If Americans were graded on our knowledge of personal finance, we might be looking at summer school, according to he National Foundation for Credit Counseling’s new annual financial literacy survey. “We cling tightly to some financial behaviors that are long ingrained,” says Gail Cunningham, spokesperson for NFCC. “We are great justifiers. We can see the financial facts but often choose to avoid them because if we face them head on it may force us into changing our behaviors.” Here are the biggest of those behaviors that get us stuck in the financial limbo:
Fewer than 4 in 10 have a budget. The survey finds that only 39% of respondents have a budget, the lowest number since the NFCC started asking the question in pre-recession 2007. We had a three-year stretch between 2010 and 2012 where that number ticked up to 43%, but as the economy improved, we’ve lost that ground.
“People tell me all the time, ‘I don’t want to make a budget because then I might know how much I have to spend and then I’d have to stop,’” Cunningham says. “That doesn’t make sense, so why not do something about it?”
A third of us revolve credit card debt. The NFCC survey finds that34% of people revolve balances from month to month and 15% roll over $2,500 or more every month.
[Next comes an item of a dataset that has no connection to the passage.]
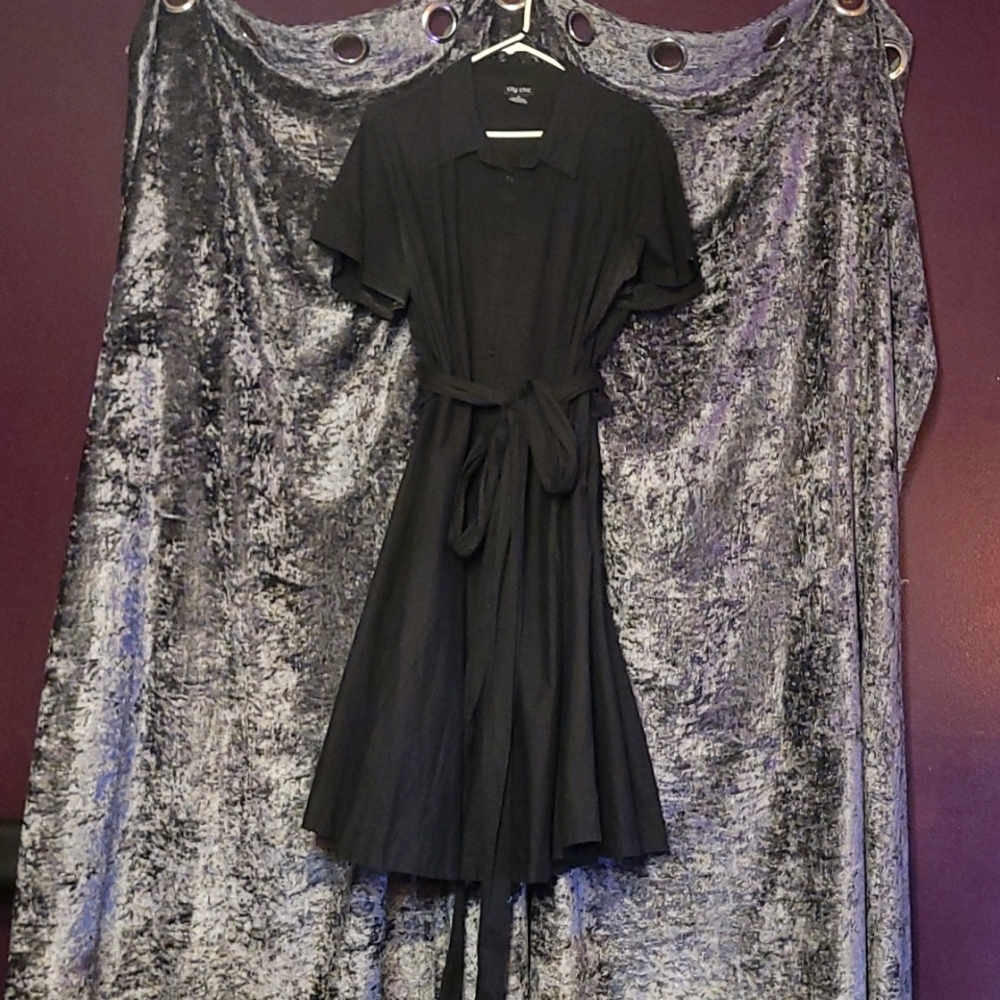 City Chic Black Shirtwaist Dress Full Skirt Pockets 22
You might not realize it from the manageable minimum monthly payment you’re paying, but this is a habit that costs you big-time.
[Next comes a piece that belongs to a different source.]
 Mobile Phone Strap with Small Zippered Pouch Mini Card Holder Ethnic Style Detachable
“Credit card average prime variable interest rate is 15.38%. At this rate, $2500 would cost the consumer about $370 in interest the first year,” assuming they are only making the minimum payment,” points out Thomas Nitzsche, spokesman and NFCC-certified credit counselor for ClearPoint Credit Counseling Solutions. Even if you stop using the card for purchases and adding to that balance, you’d pay about $1,500 just in finance charges over the course of five years.
A quarter don’t pay our bills on time. Not only does this get you hit with late fees, but it can jack up your credit card APRs — and the amount of interest you’re on the hook for — in a major way. “The average default rate is 27.88%,” Nitzsche says. “At this rate, $2500 would cost the consumer about $660 in interest the first year,” he says.
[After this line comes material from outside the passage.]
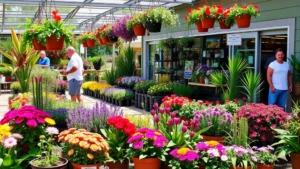 Vibrant Houston garden center outdoor display with colorful flowering plants, hanging baskets, and tropical species in full sun, customers browsing healthy plants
For the 24% of survey respondents who said they sometimes pay late, there’s another disadvantage: Late payments also turn up on your credit report and drag down your score, which means that even though interest rates on things like car loans and mortgages are at historic lows, you won’t get those great rates.
We have no savings. Roughly a third of survey respondents have nothing saved in an emergency fund. About the same number aren’t putting a dime towards retirement — even though not having enough money saved for a rainy day and for retirement were ranked at the top of Americans’ money concerns. “When you run into a financial emergency, it’s really no fun to have zero in savings. You’re living on a very slippery financial slope,” Cunningham says. “They think they’re financially bulletproof.”
People tend to think they don’t need to save because they have credit cards they can fall back on in an emergency, but that can mean getting trapped in that cycle of high-interest debt that saps so many people’s finances.
And we’re spending more. When the NFCC first asked people how many of them were spending less, year-over-year, back in 2009, 57% said they were spending less. This year, that number has fallen to nearly half, with only 29% reporting lower spending. Spending isn’t bad, per se, Cunningham points out, but problems arise when we don’t cut our spending to meet longer-term goals like ditching credit card debt or building a nest egg.
“For our clients, the greatest benefit of cutting spending is that it helps break the cycle of high credit card debt,” Nitzsche says. “By eliminating spending on credit cards, on-time payments begin to reduce the balances rather than just keep them current.”